Que devient Pierre quand Paul prend le relai ? On ne sait pas. Que devient
Paul à son arrivée à Rome ? On ne le dit pas.
C’est
que l’on ne raconte pas l’histoire de Pierre ou de Paul. On raconte le trajet
de la Parole de Jérusalem à Rome. N’importe pas la vie individuelle de Pierre
ou Paul. Ils sont là comme des figures de l’Eglise, des visages
l’Eglise.
Ce
n’est pas moi, toi, lui, qui croient, mais notre Eglise. Chacun, chaque « je »,
pour dire la foi, se dépouille de son individualité pour servir, de façon libre
et responsable, ce corps où personne ne peut vivre sans les autres membres (1
Co 12,13). N’importe pas ma foi, mais la vie du Seigneur ressuscité en son
corps. Croire, c’est être au service du Seigneur pour que son corps soit
vivant, pour qu’il ait une chair que l’Esprit anime. C’est l’Eglise qui
croit.
Ne
se pose pas la question de savoir si je suis assez croyant ou non, si j’ai des
doutes ou non. Mon péché, mes limites, tout cela est oublié (il ne s’agit
évidemment pas de laxisme) car c’est l’Eglise et sa mission qui importent. Regardez
l’Eglise. Malgré le péché de chacun, elle demeure au service des pauvres. Regardez
les chrétiens engagés dans ce service, jour après jour, visite des hôpitaux,
des prisons, soutien de Caritas ou
solidarité internationale. Regardez ceux qui prient, dans les monastères ou
dans leur chambre. Voilà notre Eglise, celle qui s’en remet au Père. Ne regarde pas nos péchés mais la foi de ton
Eglise. L’Esprit n’est pas une expérience individuelle : il se communique
à l’assemblée, comme les flammes multiples d’un unique feu (Ac 2, 1-11). Qu’il
est bon de se reposer paisiblement sur la foi de l’Eglise !
Sauf
que certains se présentent ou sont présentés comme l’Eglise. Ils prennent, ou l’on
prend, leur parole pour celle de l’Eglise, ils se servent de l’Eglise plutôt qu’ils
ne la servent et se comportent comme des vedettes. Le star-système fonctionne
aussi dans l’Eglise ! Or ceux-là, comme tous, parfois plus, sont pécheurs !
Scandale qui peut provoquer la haine de l’Eglise et détourne tant de monde de l’évangile.

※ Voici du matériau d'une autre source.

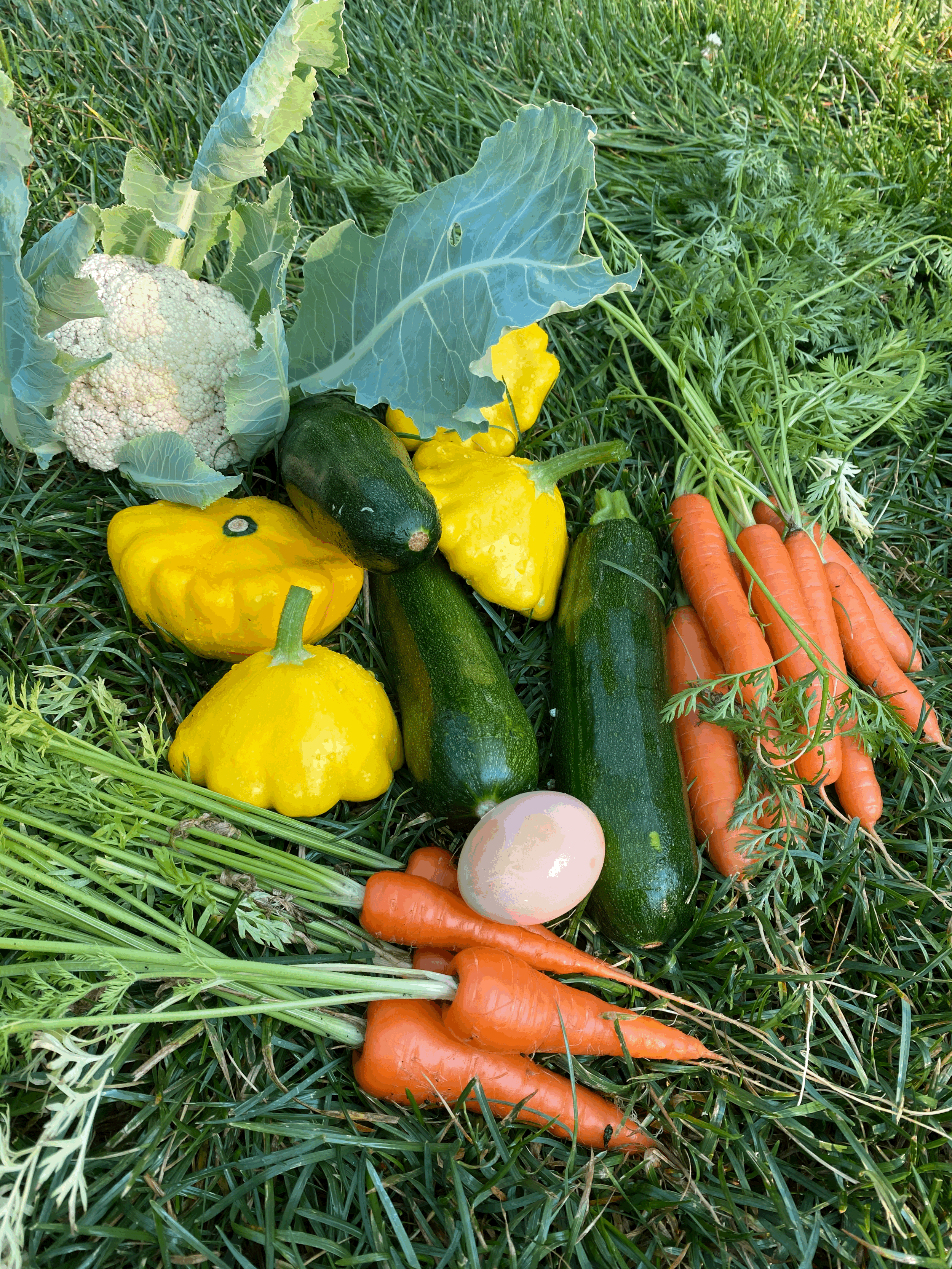 Fresh vegetables including cauliflower, two zucchinis, yellow and green peppers, carrots with greens, and a white mushroom are laid on grass outdoors.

Ne regarde pas nos péchés mais la foi de
ton Eglise.
N’importe
jamais notre personne, avec notre péché, que nous supplions le Seigneur de ne
pas regarder. Importe le trajet de la Parole, au service de tous, des Jérusalem
d’aujourd’hui, sources où nos communautés prennent naissance et se désaltèrent,
aux Rome d’aujourd’hui, centres capitaux de la vie des hommes, quand bien même
il s’agirait de périphéries.
Salut, ton commentaire sur la foi de l'Eglise est remarquable, franchement, on sent que tu as eu le temps d'y réfléchir - à ce que cela peut vouloir dire que croire en Eglise, en fonction des difficultés de tous et de chacun, de nos faiblesses personnelles, de celles de nos communautés, et de celles de la hiérarchie ! Bertrand.